The Key to Staying on Top: Reevaluation

May 20th, 2010 by Joern Meissner

In a market where timing is everything and prices are constantly shifting, one of the main (and obvious) priorities that executives and managers tend to miss is constant reevaluation. With aggressive competitors ready to move in on your customers, a successful company needs to be constantly aware of what is going on in their markets, what they customers want, and where their prices should be. It is not enough to simply know this information once a month or even once a week; in this technologically-reinforced fast -paced world, it is imperative that executives reevaluate their decisions constantly.

The first step in the reevaluation process to realize that you, as the executive or manager, have two valuable resources at your disposal: your employees and your computers. The second step is to trust that each can do their job.

Your computers can be set up, with even the most basic software, to run databases that can process large amount of information, from your current prices, to your prices in certain months, to your competitors’ prices. Having this information is vital, as it will tell you whether your prices are working or failing you at any given point.

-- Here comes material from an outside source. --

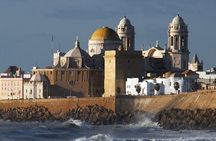 Private day trip to Cadiz from Jerez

A case in point here is simple: if last year’s data tells you that more people will need swimming suits in the summer and spring, push the price up in those seasons. While this may seem overly simplistic, information like this won’t make any difference if your company miss this because the information isn’t always available and isn’t accessible every day. If your competitor suddenly changes prices, you simply can’t wait three months to realize it – and another three months to change your pricing policies to try to take back some of your customers.

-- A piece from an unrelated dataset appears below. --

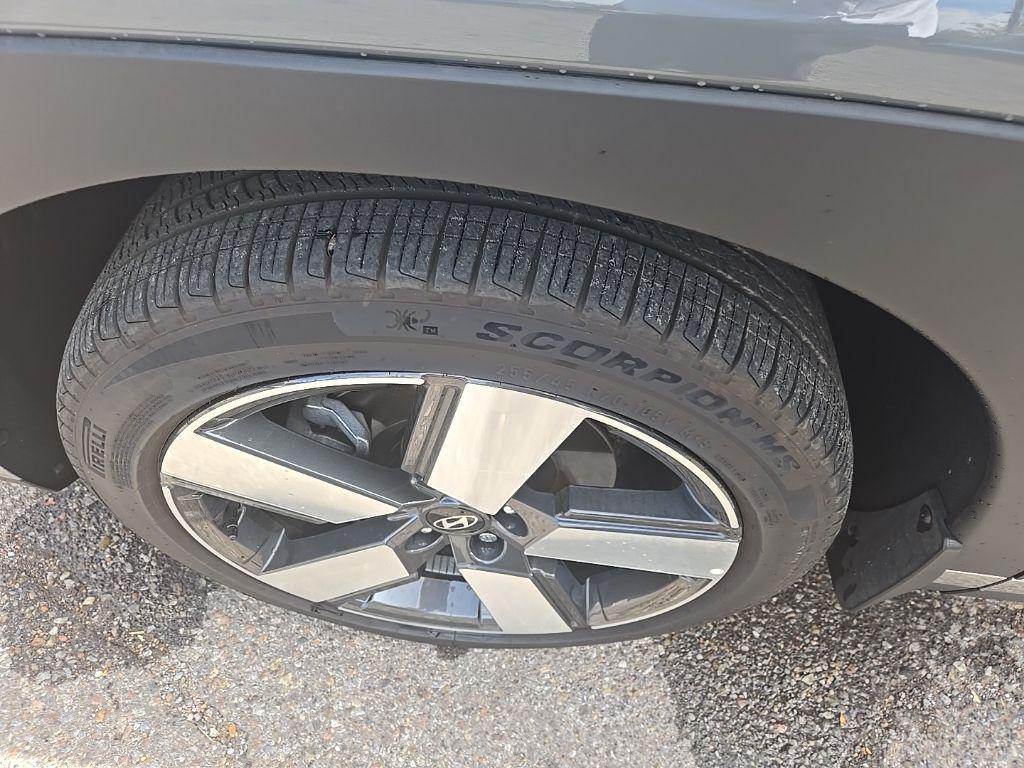 used 2025 Hyundai Santa Fe car, priced at $43,492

The second part of this process is also fairly simple: empower your employees to use these information databases to implement informed decisions. If your employee realizes that your two major competitors have suddenly dropped their prices for a similar product to yours and that you’re going to lose any chance at a profit this quarter because of it, then enable your employees to fix that problem for you. Sure, have then inform you of the problem and the solution immediately, as it happens, but in this day of instant communication with anyone, they shouldn’t have to wait every time something changes – because something will change every day.

This is the central crux of this idea: stay on top by staying informed. Put of all your skills to use by making sure that your company is running as well as it can by keeping informed and by using this constant stream of information to make important decisions on your basic pricing policies, every day.